At the intersection of creativity, technology, and opportunity, a quiet, yet extraordinary industry revolution is unfolding in Lagos. The Ananse Centre for Design, recently launched by Ananse Africa in partnership with the Mastercard Foundation and supported by Nigeria’s Federal Ministry of Art, Culture and Creative Economy, is redefining what it means to build a sustainable creative economy in Africa.

For decades, African fashion has inspired the world. From the Kampala and Ankara prints that grace global runways to the traditional craftsmanship that defines high-end couture. Yet, African designers have long been constrained by systemic gaps, which include a lack of infrastructure, inadequate training, poor market access, and limited digital adoption.

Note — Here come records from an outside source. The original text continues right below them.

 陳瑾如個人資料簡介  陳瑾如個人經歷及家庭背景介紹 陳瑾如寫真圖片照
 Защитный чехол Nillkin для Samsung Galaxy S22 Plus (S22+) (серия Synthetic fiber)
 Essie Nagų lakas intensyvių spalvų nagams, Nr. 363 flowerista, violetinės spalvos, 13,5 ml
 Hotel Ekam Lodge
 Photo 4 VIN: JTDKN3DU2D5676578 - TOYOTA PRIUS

It is precisely these gaps that the Ananse Centre for Design Lagos is designed to close.

A Vision Born from the Continent’s Creative Struggles

For Samuel Mensah, the Ghanaian-born entrepreneur and brain behind Ananse, this initiative is personal and deeply strategic. A former investment banker turned creative economy evangelist, Mensah understands both the art and the economics of creativity.

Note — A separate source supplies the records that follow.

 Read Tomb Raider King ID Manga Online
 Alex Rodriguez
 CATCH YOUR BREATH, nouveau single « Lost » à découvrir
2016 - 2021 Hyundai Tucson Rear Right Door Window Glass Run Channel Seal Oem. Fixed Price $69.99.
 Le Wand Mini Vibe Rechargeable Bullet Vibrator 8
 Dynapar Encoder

“The inspiration came directly from the African creatives we work with,” he said in an interview with THISDAY.

“Across Nigeria, Ghana, Kenya, Senegal, Côte d’Ivoire, and South Africa, we noticed similar challenges, limited access to resources, quality equipment, and skills training.

“These gaps affect product quality and restrict access to higher-value markets. Nigeria, being our largest market and the heart of African creativity, was the natural choice for our first centre.”

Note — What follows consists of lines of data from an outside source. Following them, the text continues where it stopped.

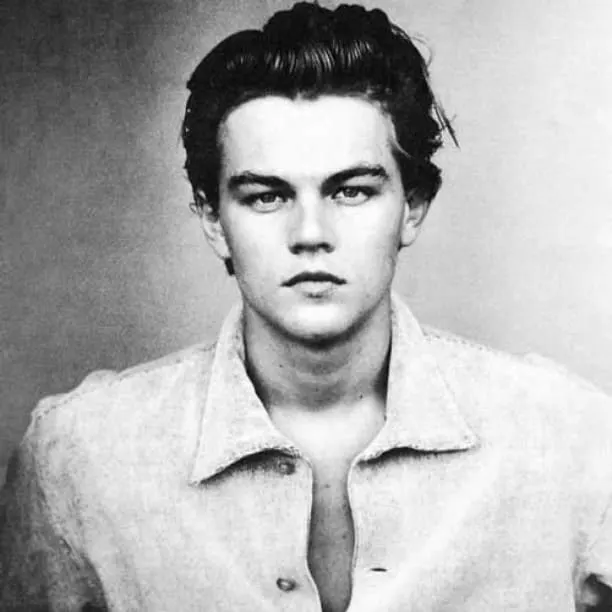 15 Best Fun  Interesting Leonardo Dicaprio Facts  Beano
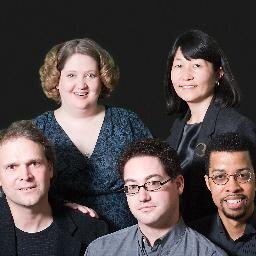 Vocal group, founded in 1988; five CDs, still sort-of together...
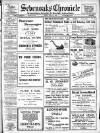 Sevenoaks Chronicle and Kentish Advertiser Friday 25 July 1924 Page 1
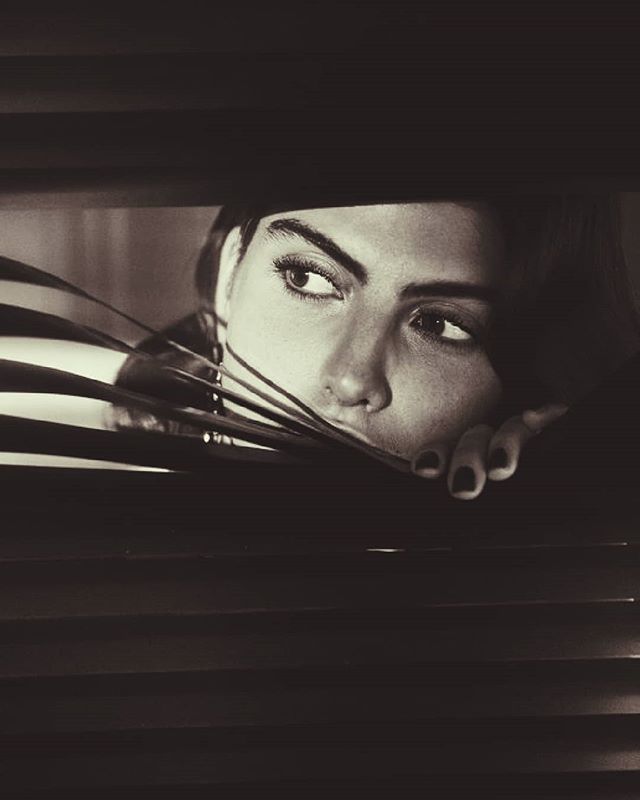 I spy with my little eye; freezing temps, puffy jackets and basic bitch pumpkin drinks. Currently hiding in the kitty basement till May&nbsp;✌️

This vision is ambitious: to empower over 5,000 emerging fashion and design-focused creatives and generate up to 50,000 jobs, with women accounting for about 70 per cent of participants. But beyond the numbers, the Centre aims to build an ecosystem, one that turns raw talent into sustainable enterprise, a one-stop shop for the fashion creative and commerce ecosystem.

Why Lagos? The Beating Heart of African Fashion

Few cities encapsulate Africa’s creative pulse quite like Lagos. The city’s blend of grit, glamour, and ambition has made it a breeding ground for designers, artists, and cultural innovators. “Lagos is Nigeria’s fashion capital and arguably Africa’s,” Mensah explained. “It made perfect sense. There’s a critical mass of young creatives here who need the kind of ecosystem we’re building.”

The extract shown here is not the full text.